Alle hoge functies werden enkel door Poorters bekleed, sowieso mochten alleen Poorters bij de stedelijke overheid werken. Was je geen Poorter, dan werd er op je neergekeken, dan was je een ‘provinciaaltje’. Ook het zakendoen werd vergemakkelijkt door het Poorterschap: als je in de schulden zat, dan konden de schuldeisers bij het bestuur van de stad de schuld verhalen.
Burgerlijke stand
Dankzij Napoleon werd het Poorterschap afgeschaft en vervangen door de Burgerlijke Stand (wat voortvloeide uit de Code Civil die weer een onderdeel was van de Code Napoléon). In de burgerlijke stand werd iemands burgerlijke staat opgeschreven, dit betekende dat er akten gemaakt moesten worden bij de geboorte, bij huwelijk, bij echtscheiding of bij overlijden. Napoleon bepaalde dat iedereen een familienaam moest hebben en dat die erfelijk was. Deze familienaam mocht geen patroniem zijn (een vadersnaam, zoals Janszoon). Wie nog geen familienaam had, mocht er een kiezen en aannemen. Vaak hoor je dat we onze achternaam aan Napoleon te danken hebben. Dat is niet helemaal waar. Ook voor Napoleon hadden de mensen al familienamen, alleen niet iedereen. Voor Napoleon werden mensen bij hun voornaam genoemd, bij hun patroniem en soms bij hun familienaam of bijnaam. Dat rare achternamen zoals Naaktgeboren of Poepjes een protest waren tegen de invoering van de burgerlijke stand, is een mythe. Dergelijke namen bestonden ook al voor 1811.
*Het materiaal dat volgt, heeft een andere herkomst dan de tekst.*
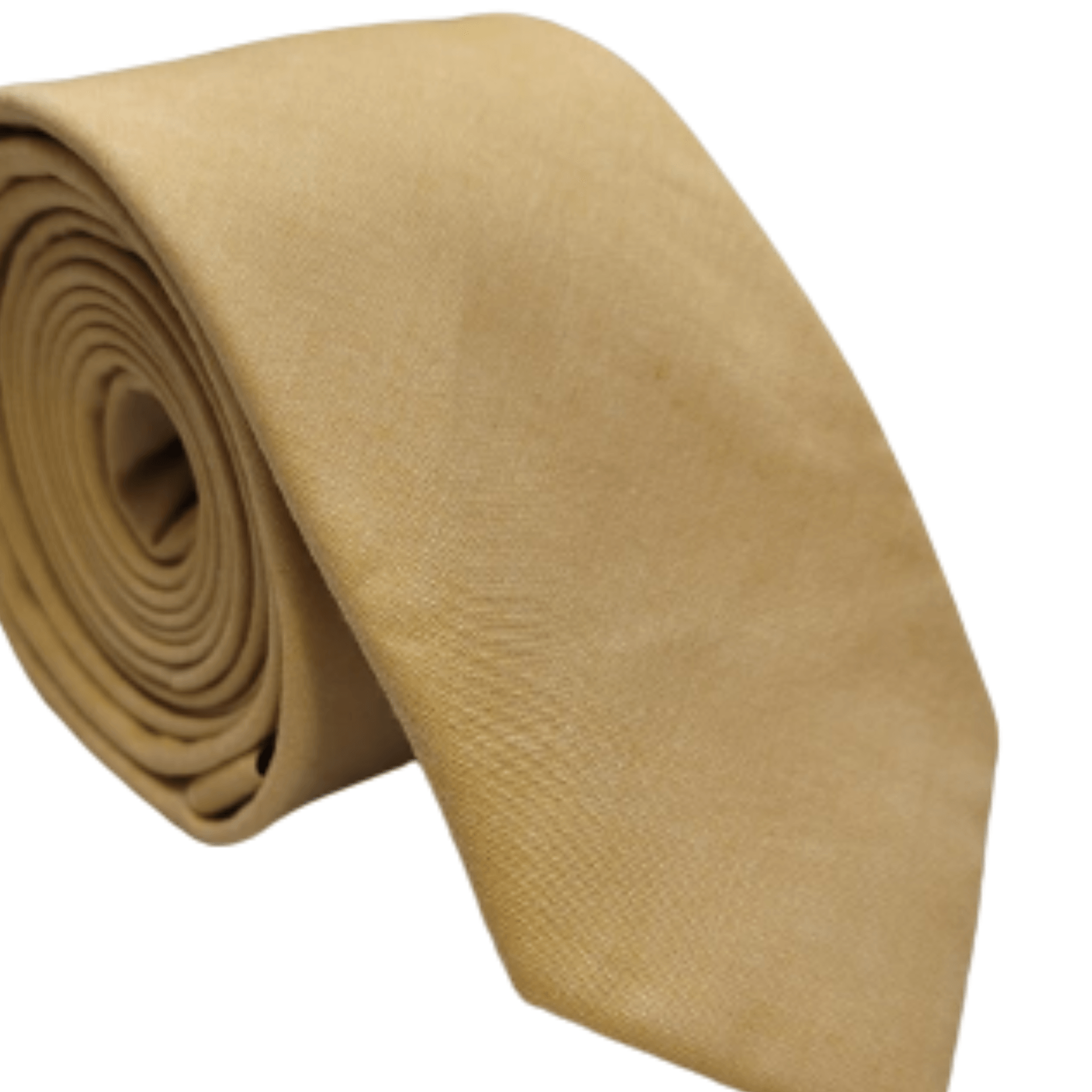 Gravata Algodão  Slim  Amarelo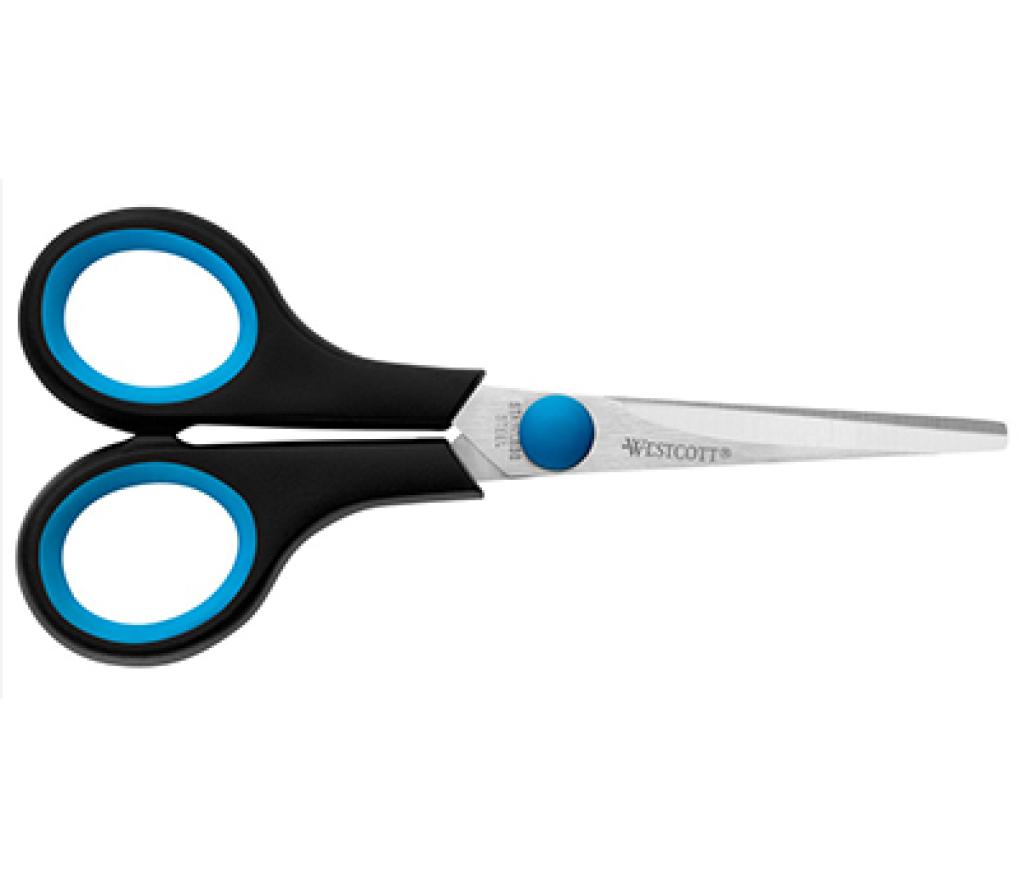 Schaar Westcott Easy soft grip 14 cm linkshandig - Per stuk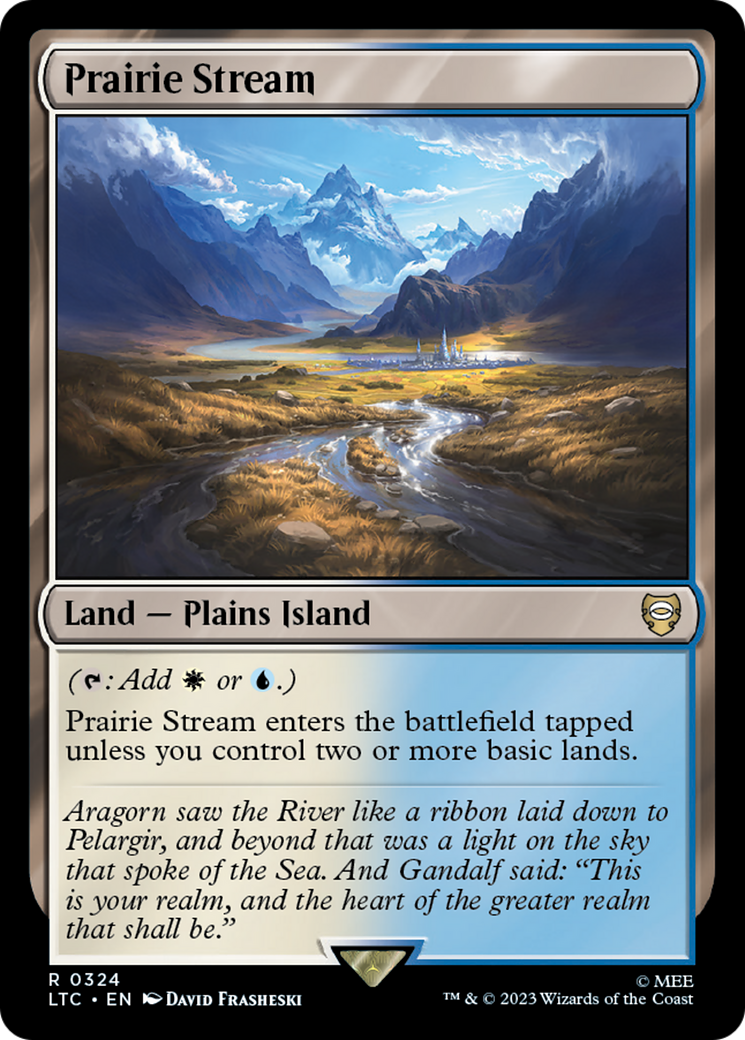 Prairie Stream (LTC-324) - Tales of Middle-earth Commander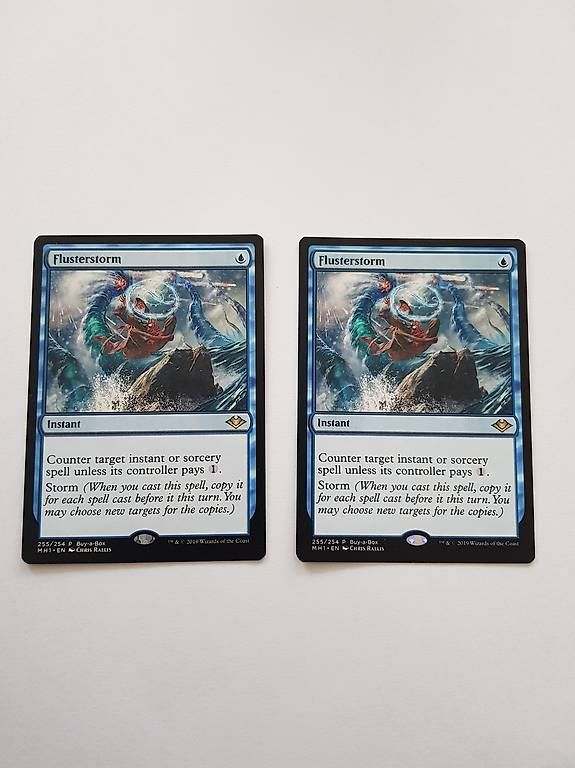 Carte collezionabili: Magic the Gathering 2xFlusterstorm – Nuovo e nell'imballaggio originale da Sennhof venduto da Thorgal77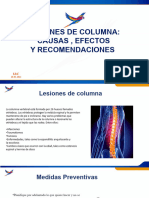 20240318 LESIONES DE COLUMNA CAUSAS , EFECTOS Y RECOMENDACIONES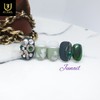 Deep Green Handmade Nail Tips - Short Stiletto / 딥그린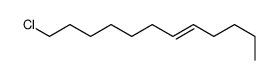 (E)-12-chlorododec-5-ene结构式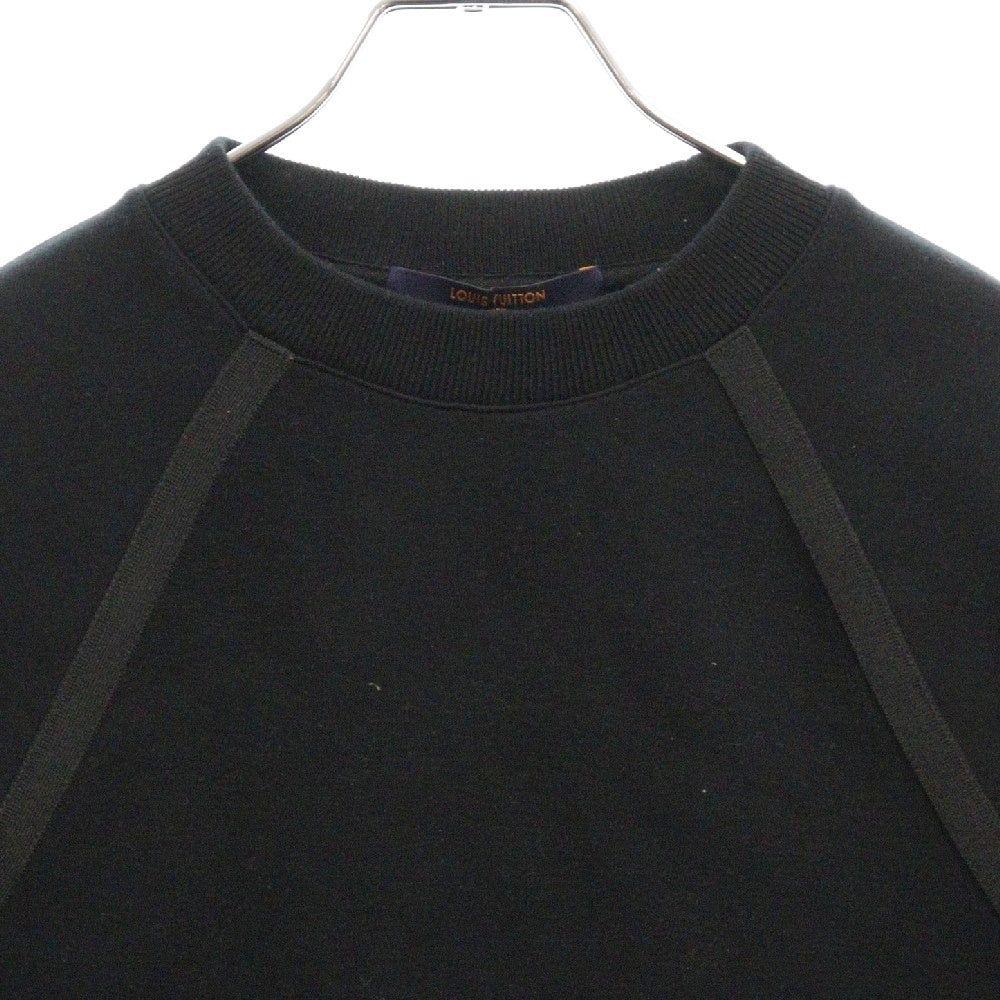 LOUIS VUITTON(ルイヴィトン) 18SS アームロゴ スキューバ クルーネックスウェットトレーナー ブラック RM181 JUJ HEY61W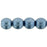Czech Round Beads 6mm ColorTrends: Saturated Metallic Niagara (50pcs)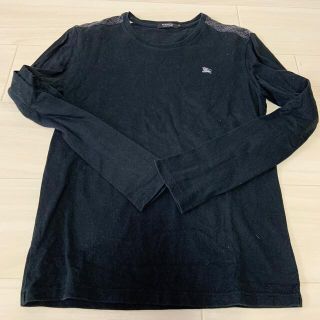 バーバリーブラックレーベル(BURBERRY BLACK LABEL)のBurberry black label 黒　カットソー　サイズ2(Tシャツ/カットソー(七分/長袖))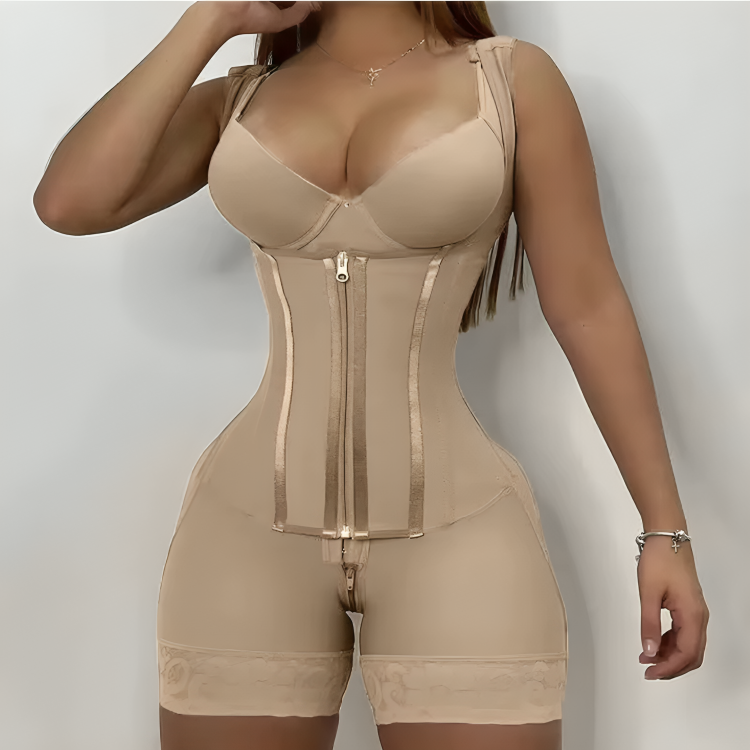 Iconic | Stylish Zippered Corset Romper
Het invoeren van de burgerlijke stand gebeurde geleidelijk. In de Zuidelijke Nederlanden werd het bijvoorbeeld al in 1796 ingevoerd. Pas in 1811 was het verplicht voor heel Nederland en moesten alle Hollanders zich laten registreren bij het gemeentehuis. De belangrijkste reden om de burgerlijke stand in te voeren was dat het daardoor gemakkelijker werd om de dienstplicht af te dwingen. Ook werd het makkelijker om belasting te heffen.
Als je werd ingeschreven in de burgerlijke stand, werd niet alleen je voornaam en familienaam opgeschreven, maar ook je beroep, je geboortetijd en plaats, de namen en gegevens van je ouders.
In feite veranderde er voor de Amsterdammers niet veel. Eerst was er het Poorterschap, daarna de inschrijving in de burgerlijke stand. Het resultaat was hetzelfde: pas met het briefje had je rechten en hoorde je erbij.